§ EXERCISE MATERIALS:
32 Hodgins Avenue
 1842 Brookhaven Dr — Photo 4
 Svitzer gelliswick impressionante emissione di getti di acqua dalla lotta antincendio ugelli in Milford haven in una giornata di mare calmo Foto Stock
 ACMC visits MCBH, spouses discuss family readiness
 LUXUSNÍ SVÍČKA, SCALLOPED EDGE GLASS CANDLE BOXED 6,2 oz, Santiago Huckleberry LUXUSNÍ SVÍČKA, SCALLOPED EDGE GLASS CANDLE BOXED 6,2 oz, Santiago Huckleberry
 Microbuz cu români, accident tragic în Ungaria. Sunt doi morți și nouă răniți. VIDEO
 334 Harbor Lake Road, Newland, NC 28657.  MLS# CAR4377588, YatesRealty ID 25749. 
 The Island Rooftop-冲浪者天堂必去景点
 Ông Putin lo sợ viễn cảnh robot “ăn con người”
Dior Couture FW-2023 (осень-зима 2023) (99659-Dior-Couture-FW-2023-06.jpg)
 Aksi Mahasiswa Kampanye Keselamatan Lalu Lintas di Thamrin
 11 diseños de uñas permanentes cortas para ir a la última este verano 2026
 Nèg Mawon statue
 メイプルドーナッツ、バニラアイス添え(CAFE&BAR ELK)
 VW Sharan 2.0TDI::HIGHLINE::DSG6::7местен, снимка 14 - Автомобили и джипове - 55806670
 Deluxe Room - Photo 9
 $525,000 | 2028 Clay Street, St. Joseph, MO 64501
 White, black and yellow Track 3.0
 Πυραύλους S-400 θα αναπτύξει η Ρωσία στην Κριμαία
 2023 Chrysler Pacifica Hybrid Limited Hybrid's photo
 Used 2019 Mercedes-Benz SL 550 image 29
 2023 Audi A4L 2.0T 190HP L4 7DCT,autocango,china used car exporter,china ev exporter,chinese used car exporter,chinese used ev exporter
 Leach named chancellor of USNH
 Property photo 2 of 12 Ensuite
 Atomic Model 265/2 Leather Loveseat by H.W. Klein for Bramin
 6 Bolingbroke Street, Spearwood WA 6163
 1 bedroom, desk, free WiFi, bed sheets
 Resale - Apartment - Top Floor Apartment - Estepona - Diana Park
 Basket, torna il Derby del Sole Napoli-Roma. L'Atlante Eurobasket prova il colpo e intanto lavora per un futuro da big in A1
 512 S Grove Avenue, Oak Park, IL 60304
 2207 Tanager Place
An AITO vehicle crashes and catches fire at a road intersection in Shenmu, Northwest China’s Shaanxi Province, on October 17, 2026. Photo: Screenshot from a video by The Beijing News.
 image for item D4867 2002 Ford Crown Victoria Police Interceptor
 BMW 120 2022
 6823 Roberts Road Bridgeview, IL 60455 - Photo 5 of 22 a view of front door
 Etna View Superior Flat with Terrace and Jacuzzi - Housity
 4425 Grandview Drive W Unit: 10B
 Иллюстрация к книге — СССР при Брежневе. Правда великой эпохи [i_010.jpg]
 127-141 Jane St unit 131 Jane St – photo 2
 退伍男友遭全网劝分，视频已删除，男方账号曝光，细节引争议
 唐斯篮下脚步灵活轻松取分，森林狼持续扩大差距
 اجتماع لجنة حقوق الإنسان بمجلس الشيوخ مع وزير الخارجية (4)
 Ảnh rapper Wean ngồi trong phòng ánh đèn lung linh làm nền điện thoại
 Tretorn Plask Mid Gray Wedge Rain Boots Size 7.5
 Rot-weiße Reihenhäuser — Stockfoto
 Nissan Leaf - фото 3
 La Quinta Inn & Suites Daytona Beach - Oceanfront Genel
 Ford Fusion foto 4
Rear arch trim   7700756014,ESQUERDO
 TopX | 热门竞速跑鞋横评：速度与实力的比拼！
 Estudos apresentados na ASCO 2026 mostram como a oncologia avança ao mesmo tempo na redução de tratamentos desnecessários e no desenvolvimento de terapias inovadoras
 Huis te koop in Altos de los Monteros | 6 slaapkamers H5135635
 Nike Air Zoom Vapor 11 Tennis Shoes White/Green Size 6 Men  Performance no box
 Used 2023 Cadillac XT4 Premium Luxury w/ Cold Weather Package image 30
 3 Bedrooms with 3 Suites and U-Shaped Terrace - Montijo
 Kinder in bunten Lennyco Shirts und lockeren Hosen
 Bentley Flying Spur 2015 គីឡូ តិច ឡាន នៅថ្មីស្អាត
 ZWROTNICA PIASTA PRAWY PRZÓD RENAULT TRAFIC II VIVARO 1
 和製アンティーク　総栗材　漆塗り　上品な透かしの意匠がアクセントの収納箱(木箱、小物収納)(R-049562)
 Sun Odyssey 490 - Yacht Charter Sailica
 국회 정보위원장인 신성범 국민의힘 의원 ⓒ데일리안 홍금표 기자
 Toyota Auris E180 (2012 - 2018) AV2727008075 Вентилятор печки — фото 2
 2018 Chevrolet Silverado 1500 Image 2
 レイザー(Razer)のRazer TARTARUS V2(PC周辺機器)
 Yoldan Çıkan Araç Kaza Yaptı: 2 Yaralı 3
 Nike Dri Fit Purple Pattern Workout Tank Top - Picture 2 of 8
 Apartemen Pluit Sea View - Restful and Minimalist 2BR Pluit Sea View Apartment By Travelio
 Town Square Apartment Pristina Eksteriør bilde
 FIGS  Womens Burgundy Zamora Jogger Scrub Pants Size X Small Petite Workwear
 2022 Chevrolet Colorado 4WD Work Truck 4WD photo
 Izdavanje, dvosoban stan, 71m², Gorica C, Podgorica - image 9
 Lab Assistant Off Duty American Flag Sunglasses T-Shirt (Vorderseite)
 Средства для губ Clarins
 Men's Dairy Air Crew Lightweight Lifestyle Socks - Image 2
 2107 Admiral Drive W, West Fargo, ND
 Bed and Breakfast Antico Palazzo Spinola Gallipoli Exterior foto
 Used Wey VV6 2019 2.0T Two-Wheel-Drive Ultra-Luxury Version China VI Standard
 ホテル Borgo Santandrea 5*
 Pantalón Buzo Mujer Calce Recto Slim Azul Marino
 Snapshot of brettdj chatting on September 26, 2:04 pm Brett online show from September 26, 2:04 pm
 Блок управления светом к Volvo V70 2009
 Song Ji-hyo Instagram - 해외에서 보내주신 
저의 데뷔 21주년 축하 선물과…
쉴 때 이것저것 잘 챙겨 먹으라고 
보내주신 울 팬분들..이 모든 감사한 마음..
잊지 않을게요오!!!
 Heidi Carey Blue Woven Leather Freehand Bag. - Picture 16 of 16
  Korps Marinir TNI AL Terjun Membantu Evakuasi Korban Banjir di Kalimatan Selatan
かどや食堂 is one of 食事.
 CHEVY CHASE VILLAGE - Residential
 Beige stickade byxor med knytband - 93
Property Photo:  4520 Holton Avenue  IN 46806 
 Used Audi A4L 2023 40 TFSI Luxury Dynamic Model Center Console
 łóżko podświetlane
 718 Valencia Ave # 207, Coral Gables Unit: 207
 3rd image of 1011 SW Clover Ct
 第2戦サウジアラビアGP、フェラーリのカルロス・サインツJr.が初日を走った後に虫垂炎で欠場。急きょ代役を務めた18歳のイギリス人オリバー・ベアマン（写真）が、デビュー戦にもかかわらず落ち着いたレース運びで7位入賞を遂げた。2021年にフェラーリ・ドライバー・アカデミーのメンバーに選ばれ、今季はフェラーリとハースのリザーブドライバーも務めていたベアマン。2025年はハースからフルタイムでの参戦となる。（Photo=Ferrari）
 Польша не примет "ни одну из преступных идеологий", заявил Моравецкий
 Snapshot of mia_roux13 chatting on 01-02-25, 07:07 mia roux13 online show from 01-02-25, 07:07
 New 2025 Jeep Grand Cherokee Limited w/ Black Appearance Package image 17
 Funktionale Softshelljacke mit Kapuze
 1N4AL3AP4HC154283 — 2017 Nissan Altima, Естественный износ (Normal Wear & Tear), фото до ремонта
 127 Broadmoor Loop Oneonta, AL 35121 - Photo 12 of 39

§ WHAT YOU HAVE TO DO: Nothing but an exact copy of the lines from the first one above through the line holding "ACMC visits MCBH, spouses" should be returned.

§ RESPONSE AREA:
32 Hodgins Avenue
 1842 Brookhaven Dr — Photo 4
 Svitzer gelliswick impressionante emissione di getti di acqua dalla lotta antincendio ugelli in Milford haven in una giornata di mare calmo Foto Stock
 ACMC visits MCBH, spouses discuss family readiness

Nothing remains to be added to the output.